When Stephane
Dion [pictured] and his team trumpet the success of carbon taxes in other
countries, they are usually short on specifics. Perhaps for good reason.
While
every Scandinavian country has had its own version of the Green Shift
in place since the early '90s, there is no direct comparison with the
Liberals' plan to be found anywhere across the Nordic divide.
Equally important, the results from country to country have been mixed.
"No
country other than Denmark has seen large declines in emissions," said
Monica Prasad, a sociology professor at Northwestern University and an
expert on taxation as a regulatory tool. "Norway has seen a 43%
increase."
Mr. Dion's proposal involves a levy at the wholesale
level that would apply to a broad range of such fossil fuels as coal,
propane and oil, which would be taxed on the amount of offending carbon
that they emit.
According to the Green Shift manual, the 700
largest emitters, mostly from heavy industry and power plants, would
account for a majority of the program's estimated $15-billion revenue,
money that would eventually be funnelled back to Canadians through tax
cuts and perhaps social programs.
Generally speaking, however, the countries Mr. Dion cites -- such as Sweden -- use a different approach.
They
levy carbon taxes on consumers, not on heavy manufacturers. So those
modest-to-respectable reductions in emissions could be attributed to
changes in consumer behaviour, as well as massive shifts to cleaner
forms of energy -- not necessarily to manufacturers cleaning up their
act.
"Most of the success comes from those countries who have
invested heavily in alternative sources, such as wind power," Ms.
Prasad said.
Experts say Denmark, for example, weaned itself off
coal, one of the dirtiest forms of energy, embracing wind power as an
alternative. Percapita emissions there fell 15% from 1990 to 2005.

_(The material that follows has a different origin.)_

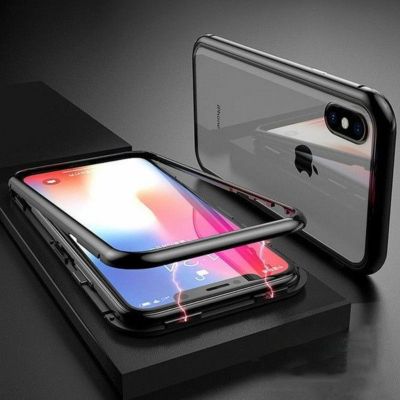 Coque SHOT CASE Coque Verre Trempe IPHONE Xs APPLE Magne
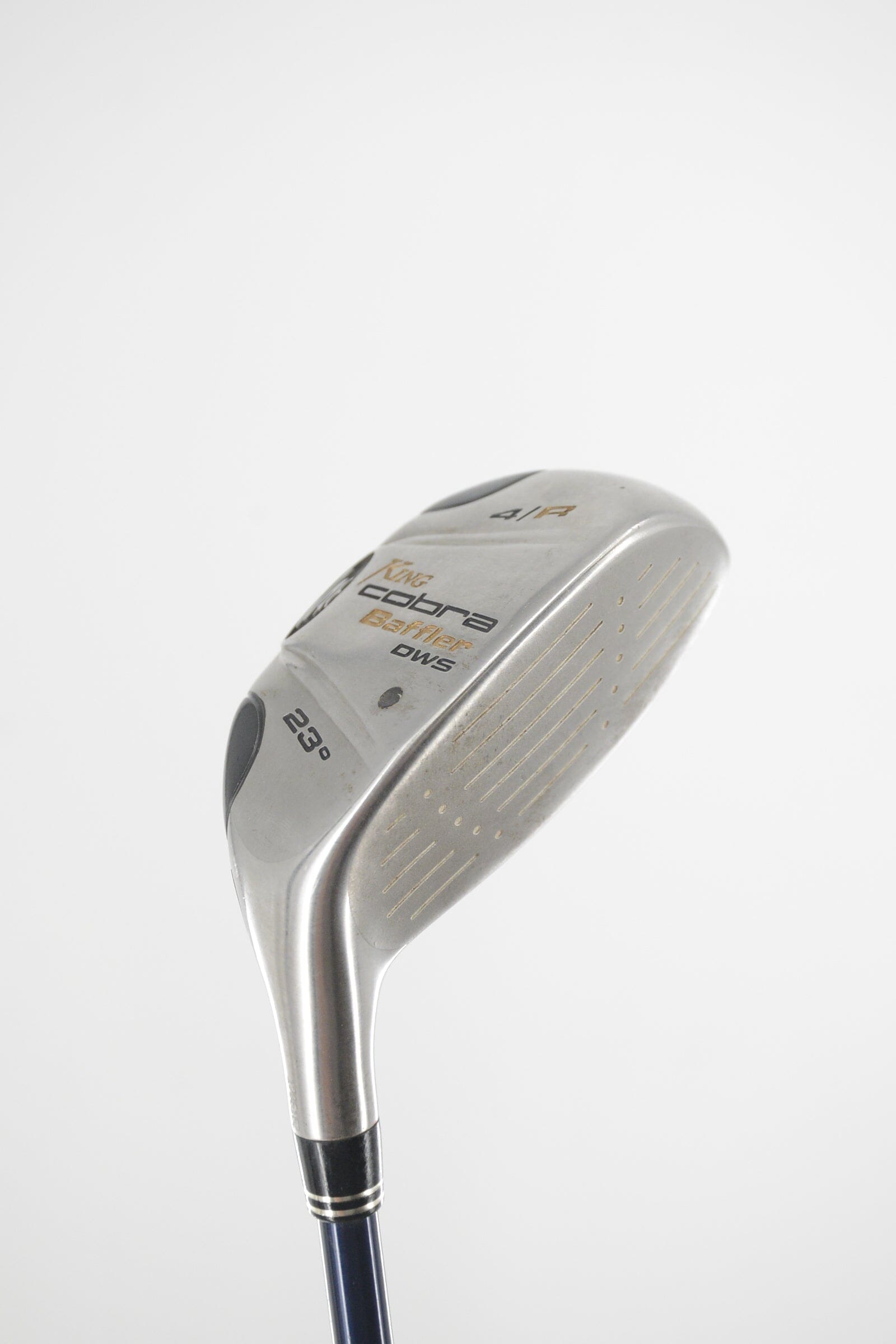 Cobra Baffler Dws 4 Hybrid S Flex 39.75" Golf Clubs GolfRoots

Impressive as that model might be, it is not entirely analogous to Canada's situation.
Canadian
consumers already rely on other, cleaner forms of traditional energy
such as nuclear or hydroelectric power, so they might not see such
quick, dramatic reductions if they flipped to alternative forms. And
while wind farms, for instance, are a promising source of clean-tech,
they are not as ubiquitous on the Canadian landscape as they are in
Denmark.
Though the Liberals have floated Norway as another model
country, it, too, is not comparable, and many insist its own program
has, if anything, had a negative effect.
For many years, natural
gas, aviation and shipping companies were only some of the companies to
which the Norwegian government gave partial or full exemptions, but
that program has since been extended to almost all polluters.
According
to Ms. Prasad, the government was initially reluctant to raise tax
rates, which might have pushed companies to seek alternative energy
forms -- and put a hole in national coffers. "If you raise the tax, you
kill the goose that lays the golden egg," she said.
After
examining the country's huge spike in emissions -- perhaps attributable
in part to a robust oil and gas exploration industry -- a Statistics
Norway study found that "despite considerable taxes and price increases
for some fuel types, the carbon tax effect has been modest," says the
report. "The carbon taxes contributed to only [a] 2% reduction."
With
its impressive 9% reduction in carbon emissions, Sweden exceeded the
Kyoto Protocol targets, but its program also is not an apples-to-apples
comparison with the Green Shift, which hopes to grab a big chunk of
change from Big Oil, not from its consumers' pocketbooks.
"Oil
companies there pay a low carbon tax," said Peter Berck, an expert on
the Swedish experience who teaches agricultural and resource economics
at the University of California, Berkeley.
And unlike the Swedish
model, the Liberal plan hints, however vaguely, at creating social
programs with an unspecified amount of the windfall.
When asked
if he thought the Green Shift would fly, Mr. Berck hedged. "I'd rather
see my energy bills go up and my taxes go down than see the government
embark on some new project. But I'm an American."